Es dauerte eine Weile, bis mir jemand öffnete. Es war die Coxy, von der der neue Mieter unserer alten Wohnung gesprochen hatte. Ich stellte mich kurz vor und nachdem ich ihr meine Verbindung zu ihrer Hausherrin erklärt hatte, sagte sie, sie würde sie holen gehen und schloss die Tür wieder. Ich merkte erst jetzt, wie nervös ich war. Herrgott, sie war meine Tante. Die Schwester meiner Mutter. Wovor hatte ich Angst?
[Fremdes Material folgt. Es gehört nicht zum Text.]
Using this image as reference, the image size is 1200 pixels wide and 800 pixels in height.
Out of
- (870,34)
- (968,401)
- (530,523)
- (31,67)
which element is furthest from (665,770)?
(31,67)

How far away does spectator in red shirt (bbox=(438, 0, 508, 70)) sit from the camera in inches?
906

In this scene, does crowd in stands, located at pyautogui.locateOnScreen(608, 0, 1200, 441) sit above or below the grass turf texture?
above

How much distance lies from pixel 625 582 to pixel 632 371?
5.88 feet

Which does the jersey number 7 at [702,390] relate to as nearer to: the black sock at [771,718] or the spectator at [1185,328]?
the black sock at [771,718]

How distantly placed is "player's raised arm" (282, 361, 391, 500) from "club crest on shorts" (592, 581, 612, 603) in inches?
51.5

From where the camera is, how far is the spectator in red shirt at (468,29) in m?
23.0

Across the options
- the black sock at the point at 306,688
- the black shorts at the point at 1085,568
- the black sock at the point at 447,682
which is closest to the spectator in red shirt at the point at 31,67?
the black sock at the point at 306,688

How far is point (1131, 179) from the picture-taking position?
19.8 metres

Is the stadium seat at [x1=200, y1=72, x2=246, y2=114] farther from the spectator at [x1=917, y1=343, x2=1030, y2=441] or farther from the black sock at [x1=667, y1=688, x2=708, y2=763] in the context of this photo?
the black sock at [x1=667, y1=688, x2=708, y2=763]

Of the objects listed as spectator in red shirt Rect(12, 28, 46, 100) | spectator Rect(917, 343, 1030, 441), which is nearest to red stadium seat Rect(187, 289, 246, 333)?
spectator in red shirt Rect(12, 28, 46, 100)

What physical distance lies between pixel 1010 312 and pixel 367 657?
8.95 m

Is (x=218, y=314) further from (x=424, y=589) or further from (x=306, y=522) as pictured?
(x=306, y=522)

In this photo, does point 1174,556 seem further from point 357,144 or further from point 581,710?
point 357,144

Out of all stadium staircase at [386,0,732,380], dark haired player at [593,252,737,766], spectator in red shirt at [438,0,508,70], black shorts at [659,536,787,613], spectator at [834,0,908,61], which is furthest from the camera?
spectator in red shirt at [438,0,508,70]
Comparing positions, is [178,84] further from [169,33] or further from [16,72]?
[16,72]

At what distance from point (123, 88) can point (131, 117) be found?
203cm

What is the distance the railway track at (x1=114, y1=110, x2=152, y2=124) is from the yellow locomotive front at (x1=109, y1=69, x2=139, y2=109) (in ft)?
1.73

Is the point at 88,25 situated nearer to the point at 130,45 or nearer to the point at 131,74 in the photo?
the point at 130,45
Als sich die Tür das nächste Mal öffnete, verkrampfte ich mich ein wenig. Ich erkannte Tante Jill kaum wieder. Sie trug ein blassrosa Kostüm und hatte kürzere Haare, die inzwischen vollkommen grau waren. Sie ließen sie jedoch nicht alt wirken, sondern auf eine positive Art und Weise reif, beinahe majestätisch. Ihre spitze Nase und die scharfen Gesichtszüge waren immer noch die selben, aber dank ihrer neuen Frisur waren sie nicht mehr so hart wie früher. Ihre Haltung war noch ein Stückchen aufrechter. Schon früher hatte ich sie dafür bewundert. Sie hatte immer ausgesehen, als könnte sie nichts aus der Bahn werfen, egal, wie sehr ihr das Leben zugesetzt hatte. Daran hatte sich jedoch nichts geändert.

„Aria", sagte sie in einem Ton, den ich nicht deuten konnte.